Pedro José Díaz, Doña Mariana Belsunse y Salasar, c.1780, Brooklyn Museum, Brooklyn, New YorkThis exhibit underscores the fact that the quest for social status and the assurance of bloodlines was not only a white or Creole preoccupation. In Peru, members of the Inca elite often legitimized their claims to nobility by displaying in their homes Europeanized portraits of their ancestors, as exemplified by a series of mid-eighteenth-century oval paintings depicting twelve Inca kings wearing gold arm bracelets, large concentric gold earrings and various gold headdresses with vivid feathers. From Spaniard and Indian, Mestizo is an eighteenth-century family portrait called a casta painting. Such paintings were designed to counter the idea that the mixing of pure Spanish blood with Indian blood, producing a racially mixed progeny, the mestizos, was undesirable. The richly clad Indian woman, with her intricate white huipil and European-style undershirt and elaborate headdress, calls to mind other racial portraits, newly acquired by the Brooklyn Museum, focusing on the often-overlooked Caribbean, where hybrid colonial styles also began to blur traditional European social hierarchies.

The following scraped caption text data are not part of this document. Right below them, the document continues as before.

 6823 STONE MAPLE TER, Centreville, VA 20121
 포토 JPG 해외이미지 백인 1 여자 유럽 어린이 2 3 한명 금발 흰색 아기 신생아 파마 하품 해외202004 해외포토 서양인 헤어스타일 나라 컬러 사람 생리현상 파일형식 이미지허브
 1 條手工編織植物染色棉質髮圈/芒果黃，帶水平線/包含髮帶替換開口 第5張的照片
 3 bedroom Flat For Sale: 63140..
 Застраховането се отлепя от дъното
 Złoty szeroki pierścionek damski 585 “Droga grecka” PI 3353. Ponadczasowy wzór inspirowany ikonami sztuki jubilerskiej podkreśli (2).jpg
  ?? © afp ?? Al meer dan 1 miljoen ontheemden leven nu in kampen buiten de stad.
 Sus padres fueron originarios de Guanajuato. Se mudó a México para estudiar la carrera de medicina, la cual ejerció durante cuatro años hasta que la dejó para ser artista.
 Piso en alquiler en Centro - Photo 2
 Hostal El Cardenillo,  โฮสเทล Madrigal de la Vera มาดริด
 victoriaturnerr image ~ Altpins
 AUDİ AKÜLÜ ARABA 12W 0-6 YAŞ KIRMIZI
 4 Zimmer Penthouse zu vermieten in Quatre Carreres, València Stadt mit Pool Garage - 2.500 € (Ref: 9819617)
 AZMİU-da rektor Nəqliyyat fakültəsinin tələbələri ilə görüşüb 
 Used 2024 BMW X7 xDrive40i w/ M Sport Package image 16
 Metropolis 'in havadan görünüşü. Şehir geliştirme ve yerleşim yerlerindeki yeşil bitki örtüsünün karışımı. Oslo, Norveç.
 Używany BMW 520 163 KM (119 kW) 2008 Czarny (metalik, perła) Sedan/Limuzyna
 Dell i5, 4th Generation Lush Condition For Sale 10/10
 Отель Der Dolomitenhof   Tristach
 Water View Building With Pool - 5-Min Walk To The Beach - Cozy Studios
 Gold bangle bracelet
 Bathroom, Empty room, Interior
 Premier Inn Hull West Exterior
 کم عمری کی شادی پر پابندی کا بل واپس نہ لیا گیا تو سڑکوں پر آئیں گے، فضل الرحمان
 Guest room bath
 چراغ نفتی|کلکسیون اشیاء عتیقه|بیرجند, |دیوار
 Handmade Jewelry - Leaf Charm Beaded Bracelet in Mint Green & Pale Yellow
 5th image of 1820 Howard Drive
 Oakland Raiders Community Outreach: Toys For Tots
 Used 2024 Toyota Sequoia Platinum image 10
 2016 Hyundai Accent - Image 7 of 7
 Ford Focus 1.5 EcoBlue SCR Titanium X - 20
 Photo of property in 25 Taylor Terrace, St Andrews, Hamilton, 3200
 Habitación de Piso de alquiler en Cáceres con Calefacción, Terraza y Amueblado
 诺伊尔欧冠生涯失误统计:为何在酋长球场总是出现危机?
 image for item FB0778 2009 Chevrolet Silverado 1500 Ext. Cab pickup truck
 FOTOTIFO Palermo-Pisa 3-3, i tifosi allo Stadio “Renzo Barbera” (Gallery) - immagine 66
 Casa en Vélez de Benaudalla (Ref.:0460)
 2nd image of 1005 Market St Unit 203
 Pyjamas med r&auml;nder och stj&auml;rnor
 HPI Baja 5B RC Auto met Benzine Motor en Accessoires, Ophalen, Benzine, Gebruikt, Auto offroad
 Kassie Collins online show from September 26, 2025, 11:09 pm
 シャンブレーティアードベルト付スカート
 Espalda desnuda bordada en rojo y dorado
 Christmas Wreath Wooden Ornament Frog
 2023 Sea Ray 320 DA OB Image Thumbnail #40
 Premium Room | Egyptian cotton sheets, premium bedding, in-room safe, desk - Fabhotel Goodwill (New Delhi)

The exhibition is accompanied by a richly illustrated catalogue with informative essays, edited by R. Aste (The Monicelli Press and the Brooklyn Museum, 2013). Topics include the decisive role of women in the decoration of their households, the mastery of Peruvian and Mexican portraitists acting as chroniclers of the New World’s economic boom, the self-representations of indigenous peoples, the pre-Colombian roots of some European furnishings, as well as samples of contemporary European accounts of the social rituals in the Spanish American home. 

The exhibition travels to the New Orleans Museum of Art (June 20–September 21, 2014) and the John and Mable Ringling Museum of Art, Sarasota, Florida (October 17, 2014–January 11, 2015).